AI / LLM

Semantic vs Agentic RAG

May 15, 20268 min readAILLM

A team has shipped semantic RAG. The eval set is real, the reranker is in place, costs are predictable. Some queries still come back wrong, and the internet has opinions about agentic RAG being the answer. The question is when the upgrade earns its cost.

This short guide compares the two. The argument it defends: default to semantic, add agentic in measured steps, against benchmark numbers, on the slice of traffic that needs it. The expensive thing in 2026 is not building either pipeline. It is paying for unnecessary agentic loops in production.

The contrast in one paragraph each

Semantic RAG is a fixed, author-controlled pipeline: chunk, embed, retrieve top-k, optionally rerank, paste into a prompt, call the model once. Retrieval policy, k, filters, and prompt are decided in code. One retrieval, one generation call.

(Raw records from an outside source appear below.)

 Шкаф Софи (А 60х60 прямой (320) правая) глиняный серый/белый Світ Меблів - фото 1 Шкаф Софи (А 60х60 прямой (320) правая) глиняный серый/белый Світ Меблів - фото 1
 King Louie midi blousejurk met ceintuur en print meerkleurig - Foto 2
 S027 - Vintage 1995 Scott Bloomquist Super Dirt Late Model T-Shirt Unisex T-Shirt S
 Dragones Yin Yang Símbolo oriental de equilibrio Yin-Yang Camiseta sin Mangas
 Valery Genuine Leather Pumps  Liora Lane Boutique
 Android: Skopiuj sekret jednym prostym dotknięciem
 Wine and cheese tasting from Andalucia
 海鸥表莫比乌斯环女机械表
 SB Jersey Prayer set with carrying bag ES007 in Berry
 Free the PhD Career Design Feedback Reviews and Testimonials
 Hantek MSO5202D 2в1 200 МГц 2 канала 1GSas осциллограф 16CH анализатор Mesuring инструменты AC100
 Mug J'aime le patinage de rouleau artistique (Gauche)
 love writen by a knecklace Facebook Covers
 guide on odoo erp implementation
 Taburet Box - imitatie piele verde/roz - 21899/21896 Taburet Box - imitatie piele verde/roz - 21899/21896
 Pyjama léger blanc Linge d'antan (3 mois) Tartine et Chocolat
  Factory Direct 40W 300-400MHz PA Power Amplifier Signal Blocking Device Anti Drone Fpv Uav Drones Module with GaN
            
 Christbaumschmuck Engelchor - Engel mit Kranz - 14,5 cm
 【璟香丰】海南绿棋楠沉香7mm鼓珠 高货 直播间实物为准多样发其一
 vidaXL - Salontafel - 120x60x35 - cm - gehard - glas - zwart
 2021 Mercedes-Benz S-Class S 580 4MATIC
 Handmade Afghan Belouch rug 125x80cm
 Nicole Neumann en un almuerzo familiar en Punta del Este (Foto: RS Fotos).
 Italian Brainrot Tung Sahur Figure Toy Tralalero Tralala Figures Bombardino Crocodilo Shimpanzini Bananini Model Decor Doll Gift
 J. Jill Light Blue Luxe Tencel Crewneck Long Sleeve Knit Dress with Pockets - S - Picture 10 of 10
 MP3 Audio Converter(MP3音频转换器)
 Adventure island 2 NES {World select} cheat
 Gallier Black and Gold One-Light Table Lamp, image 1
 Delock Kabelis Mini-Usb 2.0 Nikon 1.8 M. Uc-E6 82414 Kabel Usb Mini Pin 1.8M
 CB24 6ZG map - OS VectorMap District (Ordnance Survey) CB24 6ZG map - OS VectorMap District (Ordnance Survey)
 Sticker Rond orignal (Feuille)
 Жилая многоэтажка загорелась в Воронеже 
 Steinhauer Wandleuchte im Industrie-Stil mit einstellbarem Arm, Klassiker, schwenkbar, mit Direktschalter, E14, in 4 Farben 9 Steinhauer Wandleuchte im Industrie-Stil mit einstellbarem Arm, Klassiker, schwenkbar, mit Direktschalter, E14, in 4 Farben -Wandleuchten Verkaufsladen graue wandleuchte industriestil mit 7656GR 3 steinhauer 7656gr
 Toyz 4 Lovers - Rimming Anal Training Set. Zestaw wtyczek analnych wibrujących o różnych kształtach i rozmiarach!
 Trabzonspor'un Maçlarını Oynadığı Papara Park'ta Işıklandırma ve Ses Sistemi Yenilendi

Agentic RAG hands flow control to the model. The model decides whether to retrieve, what to query, which tool to use, whether the evidence is sufficient, and whether to loop. The harness defines the state machine; the model walks it.

This is the same workflows-vs-agents distinction from Anthropic's Building Effective Agents: "for many applications, optimizing single LLM calls with retrieval and in-context examples is usually enough."

What the benchmarks say

Self-RAG vs vanilla RAG (Asai et al., 2023):

Task	Llama2-13B RAG	Ret-ChatGPT	Self-RAG 13B
PopQA	14.7	50.8	55.8
PubHealth	16.0	54.7	74.5
Bio (FactScore)	55.9	71.8	80.2

CRAG vs Self-RAG (Yan et al., 2024, on SelfRAG-LLaMA2-7B):

Method	PopQA	PubHealth	Bio
Vanilla RAG	40.3	39.0	59.2
Self-RAG	54.9	72.4	81.2
Self-CRAG	61.8	74.8	86.2

Adaptive-RAG (Jeong et al., NAACL 2024, F1 with FLAN-T5-XL):

Dataset	Single-step	Multi-step	Adaptive
SQuAD	36.8	35.6	38.3
Natural Questions	47.3	41.8	47.3
MuSiQue	16.2	31.9	31.8
HotpotQA	41.4	56.5	53.8

The interesting fact is not that multi-step wins on hard datasets. It is that single-step wins on easy ones. Adaptive-RAG matches multi-step accuracy at roughly half the cost on the easy half of the distribution.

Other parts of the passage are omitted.